Ian Clark's Pop Culture Club: Blood and treachery make 'Spartacus' a game worth getting
The excellent new board game "Spartacus: A Game of Blood and Treachery" from Battlefront Miniatures/Gale Force Nine allows you to re-live the famous line from 1960 Kirk Douglas film.
Iconic film aside, the game is actually based on the television show on the Starz network and was first released in limited quantities at the GenCon gaming convention in August. The game went into full release last month and it was worth the wait.
The game is for three to four players with each one taking control of a Dominus, the head of a political house in the Roman city of Capua. Each Dominus has a different special ability that comes into play during the game, but they are balanced well and none has a clear edge over the others.
The goal of the game is to reach an influence level of 12. The game has variable lengths, where you can start the game at influence level five or seven to vary just how long it takes to reach victory conditions.
Players increase their influence levels through various means, including trading in assets and completing "scheme" cards. And this being ancient Rome, there is also gladiator combat.
The first phase of each turn is the intrigue phase where players reveal their schemes. More difficult schemes require a higher level of influence and players are allowed to work together to combine influence to get a scheme to go off.
But asking for help comes with a price, often paid in gold but sometimes in other deals. But the devious nature of the game states that no agreement is binding and there is no rule saying you have to honor your word. That's where the more interesting player interactions come in.
The next phase is the market phase, where cards are dealt out and players bid their gold for them. These could be weapons gladiators can use in combat, gladiators themselves (including the title hero), slaves or guards for your house.
Finally comes the arena phase where the "host" player (the first player each turn, this is something you bid gold for) chooses two players who must each send a gladiator into the arena. Wagers are then made on which will win and even if warriors might be seriously injured or even decapitated.
The combat system in the arena is smooth and flows well. Each gladiator has a rating of dice for movement, offense and defense. When gladiators sustain wounds, they must choose to lose dice from these pools.

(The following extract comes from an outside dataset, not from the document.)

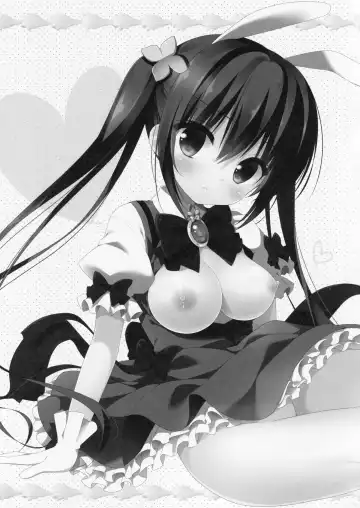 [Sasai Saji] Magical Orusuban Fhentai - Page 12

The last one standing wins.
Since all players can wager on the outcome of the gladiator battle, it keeps everyone invested in the action and creates those great gaming moments where the whole table reacts to the action in the arena.
The game retails for $40, a great price considering the quality of the components. Most games like this from bigger companies would cost $60 or more. Be warned that due to the content of the game it is not for kids. Also, it is three-player minimum and plays best with four.
But all of that said, the game is a gem. Each time out it plays differently and the devious interactions with the other players coupled with the unpredictable nature of the gladiator events make it a winner.